The main difference was certainly the range of terms used to describe sexualities and gender identities. Whether this is due to fan communities’ moving online and a concomitant watering down of gatekeeping practices, generational differences in articulating gender and sexual fluidities, or other factors, I cannot say. However, I think the recent increase in autoethnographic and theoretical work by scholars such as Ika Willis, Charlie Ledbetter, and Jonathan Rose, as well as empirical studies like centreoftheselights’ census, my study, and McInroy and Craig’s survey, all suggest that fandom is both attractive to and meaningful for LGBTQ+ young people, that fandom is a valuable learning resource for those who are questioning or consider themselves to be a part of the LGBTQ+ community, and that the gender and sexual diversity of fans is increasing over time.
How did you hear about the OTW and what do you see its role as?
I have known about AO3 pretty much since it started up, because I lived through the purges on Fanfiction.net and LiveJournal, but when I was a teenager, I didn’t really realize it was part of a wider organization. It was when I became aware of fan studies as an academic field that I realized that it was a wider organization.
I see the OTW as having multiple roles: agitating for fans’ legal rights is a big one, as is bridging the gap between fans and acafans. But for me, AO3 itself will always be the most meaningful — a safe haven for and archive of fan fiction through the years.
What fandom things have inspired you the most?
That it seems always to try to be more inclusive and a force for good in this world, a safe haven for the downtrodden, a place in which we can bridge our differences through a shared love of a particular book, film, band, artist, or series.

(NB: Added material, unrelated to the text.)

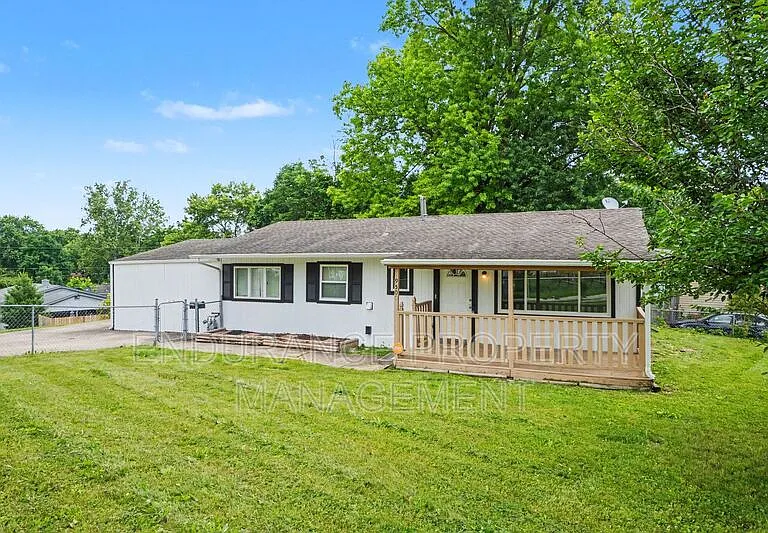 9500 Ridgemoor Ave — Photo 3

I know that many of us have not only had good experiences in fandom — there certainly are fans who ostracize others (something I have experienced). But overall, I do feel the majority of fans in the fan communities of which I have been a part try their best to make everyone feel welcome. Fan fiction, too, continues to evolve as we learn and grow as a transnational community. I don’t think I have experienced any other space that I would truly consider a successful, intergenerational, transnational, organic cooperative for critical thinking and learning.
To put it simply, and paraphrase Francesca Coppa, “Fuck yeah, fandom is beautiful.”